Empati yeteneği sayesinde insan, görsel işitsel medyada maruz kaldığı enformasyonun tümünün kendi başına da gelebileceğini zanneder. Bu bizi insan yapan ve olumlu olarak kullanıldığında karşımızdaki ile ilişkilerimizi geliştirebileceğimiz bir yeteneğimiz. Ben bunu yetenek demek istiyorum, hatta belki de sadece insana özgü bir yetenek. Ama maalesef her insanda bu yetenek yok. Ben bu yeteneğimi ilk kez fark ettiğimde ilkokul birinci sınıftaydım. Annemin bir arkadaşı vardı Gülay teyze, sık sık görüşürlerdi onun kızı Başak da benim iyi arkadaşım olmuştu. Okuldan sonra onlara gitmek için can atardım.
Gülay teyze harika sahanda yumurta yapardı, hala yumurta kırarken hep aklıma gelir ve neden onun gibi yapamadığımı sorarım kendime. Evlerine kaçıncı gidişimizdi bilmiyorum. Ancak aklıma sormak gelmişti, “Başak, baban nerde?” sorusunu. Bir suskunluk olmuş, konu değiştirilmişti. Eve dönerken annem yolda, Başak’ın babasının olmadığını, öldüğünü söylemişti. İnanamadım. Detaylarını bilmemekle beraber annemlerin daha sonraki konuşmalarından 1983 yılında Zonguldak’ta taş kömürü ocağındaki grizu patlamasında öldüğünü, Başak daha 3 yaşındayken Gülay teyzenin kızını alıp ailesinin yaşadığı ve bizim bulunduğumuz Lüleburgaz’a döndüğünü öğrendim.
O günlerde tuttuğum günlüğüme hep Başak ile ilgili yazılar yazdığımı hatırlıyorum. Kendimi onun yerine koyup babası olmadan nasıl yaşadıklarını anlamaya çalışıyordum. Bir gün Başak’a, “benim babam senin baban olabilir, üzülme” demiştim. Bana çok kızmıştı. Annesine sarılıp ağlamıştı sonra da benim annem bana kızmıştı “neden böyle bir şey söyledin?” diye. Bana onu söyleten kendimi onun yerine koyup sık sık düşünüyor olmamdı.

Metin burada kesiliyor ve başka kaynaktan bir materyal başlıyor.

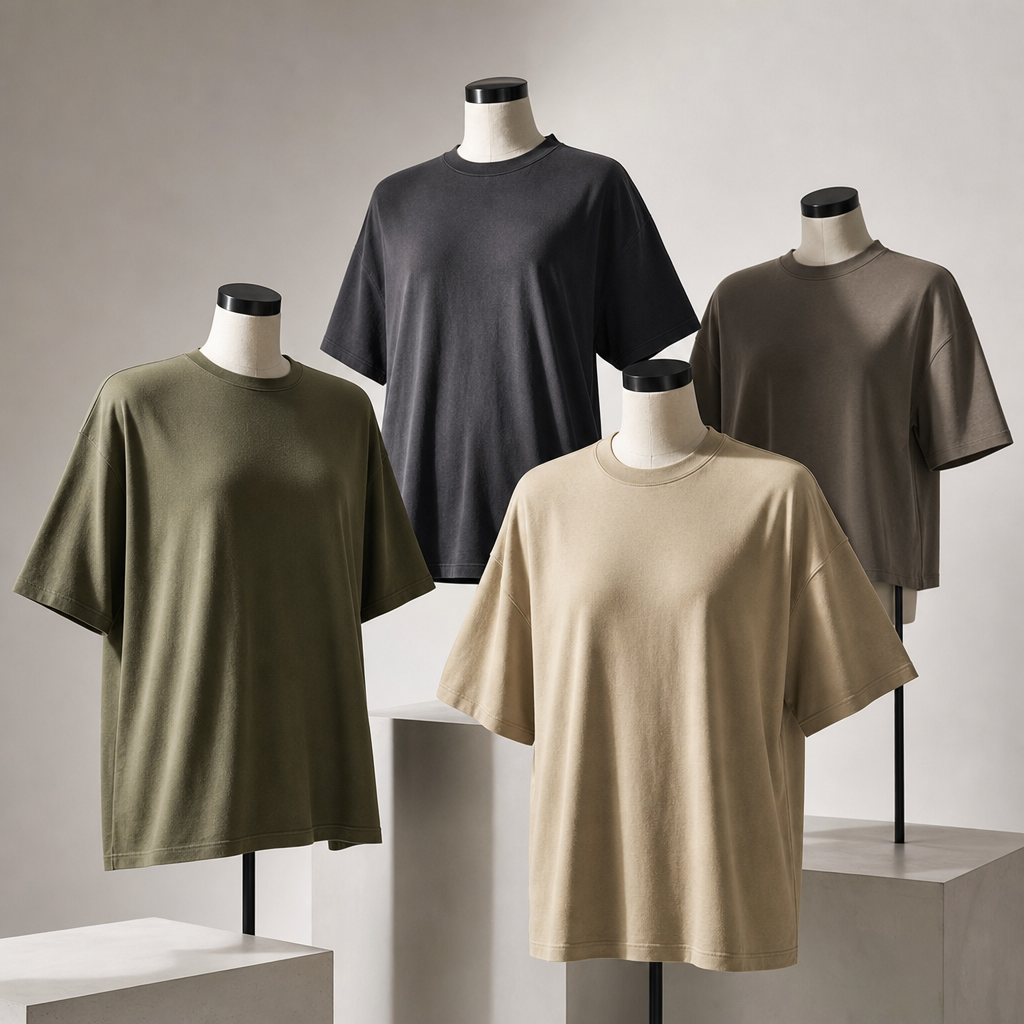 Contemporary oversized and boxy fit T-shirts in muted earth tones styled on minimal mannequins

Birinin kendini bir başkasının yerine koyarak düşünmesi, davranması bir duygusal zeka göstergesi. Olaya karşısındakinin bakış açısıyla bakabilmek, ona onu anladığını göstermek ve olayı içselleştirmek, bir yetenek.
Soma günü beni bu kadar sıkan içimi daraltan, kendimi oradaki insanların yerine koyarak bir bir herkesin acısını içimde hissediyor olmamdı. Baba diye ağlayan çocuklar, evladını kaybetmiş analar, kardeşini arayanlar, cesetleri teşhis eden konu komşular, arkadaşlar, tanıdıklar hepsi çaresizce ağlarken tarif edemediğim duygular yaşıyordum. Birileri ise çıkmış insanlara, acılarınızı nasıl alırdınız? türünden açıklamalar yapıyorlardı. Sundukları ise, tekme, tokat, açıklama ve istatistikten fazlası değildi.
İşte bunları gördükçe kendime mukayyet olamıyordum çünkü benim yaşadıklarımı başka insanların nasıl yaşamadığını da anlamaya çalışıyordum. Yapılan açıklamalardaki fütursuzluk, olay yerindeki gövde gösterileri, atılan tokatlar, savrulan tekmeler, söylenen yalanlar bana empatinin gerçekten bir yetenek olduğunu bir kez daha göstermişti, herkeste olamayan türden bir yetenek!